Die Wahrheit im Netz in Gefahr? – Tag zwei beim Mediengipfel in Lech am Arlberg
Hochkarätig besetzt startete der 2. Tag des 13. Mediengipfels in Lech am Arlberg - Nicht nur Social Media als fünfte Macht im Staat war Thema, sondern auch die Pressefreiheit
by OTS0182Lech am Arlberg (OTS) - Philipp Jessen, CEO des Startups Storymachine, startete mit einem Vortrag unter dem Titel „Social Media als fünfte Macht im Staat“ und machte klar, dass klassische Medien durch soziale Netzwerke abgelöst werden. „Jeder kann ein Sender und Publisher sein,“ sagte Jessen. Journalisten hätten ihr publizistisches Monopol verloren und seien keine „Gatekepper“ oder „Agenda Setter“ mehr. Trotz dieses Paradigmenwechsels, in einer Welt, wo sich jeder selbst inszenieren könne, brauche es den Qualitätsjournalismus mehr denn je. Denn die meisten Inhalte und Diskussionen entstehen zuerst in den sozialen Netzwerken und werden dann in andere Kanäle übertragen. „Die Rolle der Journalisten ist noch wichtiger geworden in diesem Dschungel“, führte Jessen weiter aus.

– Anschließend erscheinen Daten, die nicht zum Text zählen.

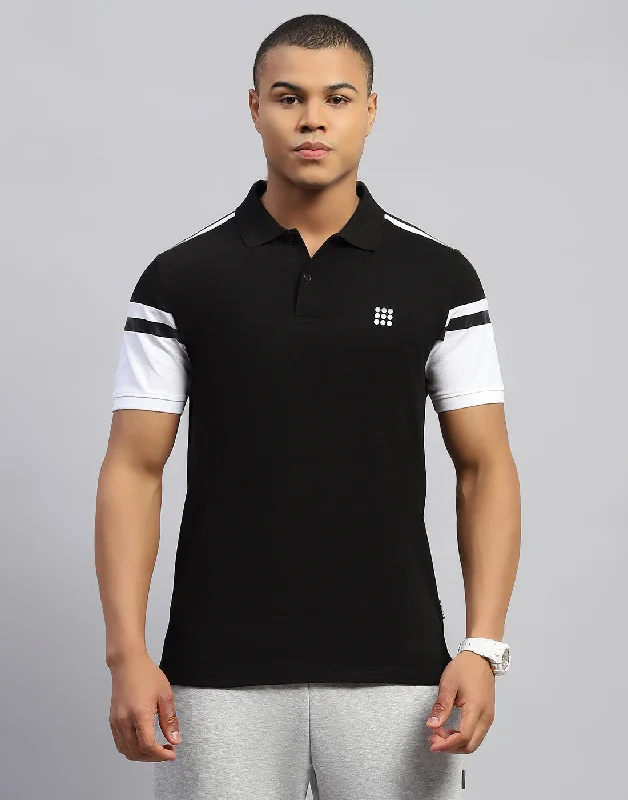 men's performance hoodies-Men Black Solid Polo Collar Half Sleeve T-Shirt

Um die Schlagwörter Wahrheitsfindung und Desinformation ging es auch in der ersten großen Diskussion des Tages. „Ist die Pressefreiheit bedroht?“, fragte Daniela Kraus, Generalsekretärin des Presseclub Concordia, ihre Gäste. Mit dabei am Medienforum waren Johannes Bruckenberger, Chefredakteur der APA, Martón Gergely, Journalist bei HVG in Budapest, Fact-Checkerin Karolin Schwarz und Nana Siebert, stellvertretende Chefredakteurin von DER STANDARD.
Martón Gergely verdeutlichte, dass Presse- und Meinungsfreiheit in Ungarn in Gefahr sind. „Wie oft bin ich aufgewacht und habe mich gefragt, wie konnte es so weit kommen?“, erklärte Gergely und führt aus, dass zahlreiche Tageszeitungen in kurzer Zeit geschlossen wurden. Den Medien wurde vonseiten der ungarischen Regierung vorgeworfen, nicht über die Nöte der einfachen Bevölkerung zu sprechen. „Die Regierung macht das aber auch nicht“, konstatierte Gergely.

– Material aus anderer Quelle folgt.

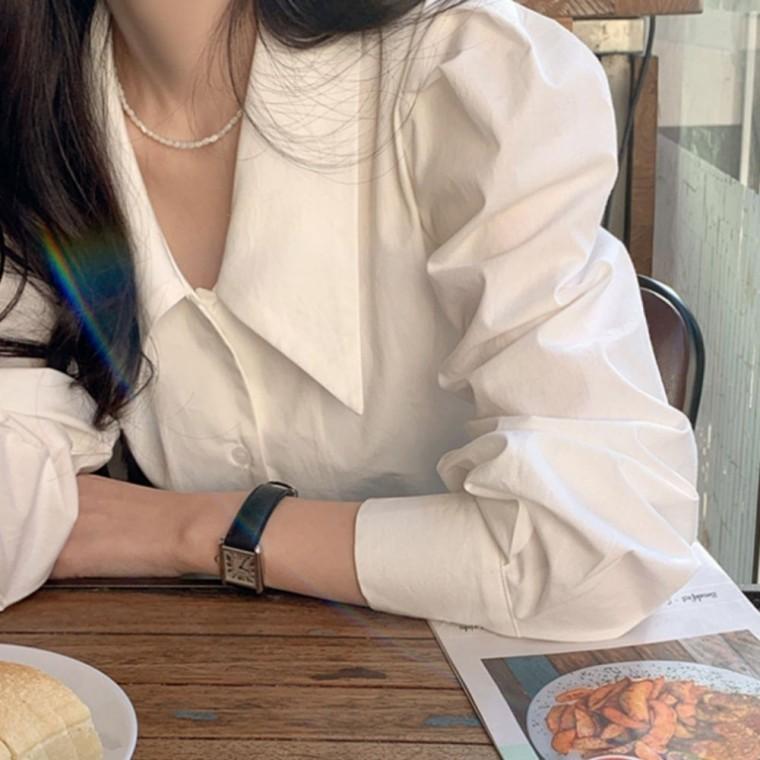 셔츠 퍼프 셔츠 블라우스 베이직 봄 여성 빅카라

In Österreich hätten wir dagegen ein hohes Maß an Pressefreiheit, ist Johannes Bruckenberger von der APA überzeugt und sagte, dass die Medien immer noch verbündete der Demokratie seien. Er erklärte aber auch, dass die politische Mitte immer mehr nach links und rechts ausfranse. „Es ist unsere Aufgabe im aufgehetzten Meinungsmarkt die Dinge zu verifizieren“, so Bruckenberger.
Angst, Wut und Hass sind laut Karolin Schwarz, Fact-Checkerin und Medientrainerin aus Deutschland, die Zutaten für Meinungsmache im Netz. Falschmeldungen zirkulierten im Netz und würden immer wieder reproduziert. „Wenn eine Sache grün geworden ist, dann das das Recyclen von Falschmeldungen“, erklärte Schwarz und monierte, dass es an digitaler Zivilcourage fehle.

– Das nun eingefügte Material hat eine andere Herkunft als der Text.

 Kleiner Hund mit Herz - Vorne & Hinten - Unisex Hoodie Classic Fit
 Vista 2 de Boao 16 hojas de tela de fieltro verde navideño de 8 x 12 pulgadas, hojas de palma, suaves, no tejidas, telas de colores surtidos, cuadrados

Für Nana Siebert von der Tageszeitung DER STANDARD wäre es an der Zeit Medienkompetenz an Schulen zu lehren und Lehrer weiter zu bilden. Im Durschnitt sind die Lehrpersonen in Österreich 53 Jahre alt. „Sie wissen nur sehr wenig über neue Medien, Faktenchecks und Fake News“, so Siebert und rundet ihren Beitrag mit einer Forderung nach mehr Sensibilisierungsarbeit ab.
Den Abschluss des Vormittags bildete der Vortrag von John-Dylan Haynes, Hirnforscher an der Berliner Charité, zum Thema „Menschliche vs. Künstliche Intelligenz“. Dabei stellte er zwar klar, dass Menschen Computern in der Informationsverarbeitung zwar weit unterlegen sind, aber betonte auch, dass Menschen „General Problem Solvers“ und somit nicht durch Computer zu ersetzen seien. „Aber nur weil wir nicht ersetzbar sind, heißt das nicht, dass wir uns nicht anpassen müssen – die größte Leistung werden erbracht, wenn Teams aus Menschen und Algorithmen zusammenarbeiten. Wünschenswert ist eine Partnerschaft zwischen Mensch und Roboter“, so Haynes.